Peguei esse texto abaixo no novissimo blog da Daniela Name chamado Pitadinhas.

29 08 2009

Buracos entre azulejos: desleixo e ocupação da área com o anunciado Museu da Bossa Nova

Buracos entre azulejos: desleixo e ocupação da área com o anunciado Museu da Bossa Nova

Quase todo mundo que trabalha com arte no Rio tem uma história com Aluísio Carvão (1920-2001). Ouvi e li algumas delas desde que repassei no Facebook o link com o abaixo-assinado que pede a restauração de um mural de azulejos do artista na Avenida Mário Ribeiro, no Leblon (Estrada Lagoa-Barra), que corre sérios riscos de desaparecer com a construção do Museu da Bossa Nova, prédio em forma de piano (!!!) já anunciado pelo governo estadual. Desde a gestão anterior, o painel, criado pelo artista em 1996, vem sofrendo com o desleixo da Fundação Parques e Jardins, que não repõe as peças faltosas.

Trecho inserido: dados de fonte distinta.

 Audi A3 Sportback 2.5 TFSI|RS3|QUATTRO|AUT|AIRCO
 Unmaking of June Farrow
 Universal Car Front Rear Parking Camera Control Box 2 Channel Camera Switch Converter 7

Os buracos entre os azulejos prejudicam a compreensão do desenho geométrico sobre a paisagem da cidade e roubam da obra de Carvão o que ela tem de mais fundamental – a cor. Nascido em Belém do Pará, ele foi aluno de Ivan Serpa no curso de pintura do Museu de Arte Moderna do Rio, do qual mais tarde se tornaria professor. Entre 1953 e 1956, fez parte do Grupo Frente, que mudaria o rumo da arte contemporânea brasileira. Integrou a 1ª Exposição Nacional de Arte Concreta (1956) e, em 1959, assinou o Manifesto Neoconcreto com Lygia Pape, Lygia Clark, Amilcar de Castro, Franz Weissmann e os poetas Reynaldo Jardim e Ferreira Gullar.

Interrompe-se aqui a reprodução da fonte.